確かに予定外のシャーリとのお喋りで大分時間を食ってしまったようで、ユージオも自分の空の時間の終わりが近い事に気づいていた。それにしても魔法使いの不思議を考えた時と同じように、今、水気を含んでしまった栗色の髪を束ねてギュッ、と手で絞っているアスナを見てユージオは首を傾げる。例えば彼女が雨の魔法使いならシャーリと同じように雨に濡れても平気なはずだし、風の魔法使いなら雨を弾くはずだ。雪や雷の魔法使いだとしても同様に影響を受けることはない。そうでなければ空で自分の魔法が使えないからだ。

しかしアスナはユージオと同じようにシャーリの魔法力の制御不足のせいでどこもかしこも見事にびしょびしょである。

素直に気象の魔法を受けてしまうのはユージオやキリトのような、要するに天空を司る四人の魔法使い達だけなのである。
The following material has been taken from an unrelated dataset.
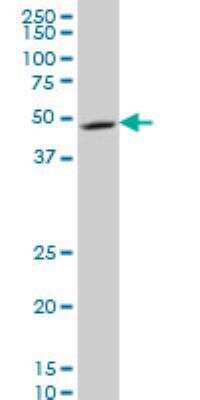 Western Blot: NDUFV1 Antibody (4A7) [H00004723-M01]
とは言えこの城で暮らしている分にはそうそうこんな目に遭う事はないのだが…………自分の亜麻色の前髪から、ぽたり、と垂れた雨水と一緒に「はぁっ」と溜め息を落としたユージオは、シャーリの力の制御特訓の必要性をひしひしと感じながら「そうだね」と力無く頷き、来た道をアスナと共に引き返したのであった。

 

 

 

 

 

音を気にして出来るだけ静かに扉を動かす。

本当にキリトが眠っていたら、と思っての気遣いだったが、眠っているとしたらその場所は寝室なのだろうし、そもそも『夜空の魔法使い』の出番が近づいてきているので本来なら寝てもらっていては困る時間だ。それでもアスナは城に行くためにこの家を出た時のキリトの様子を思い出し、更に城までたどり着けなかった気まずさも重なって、そっと家の中に入った。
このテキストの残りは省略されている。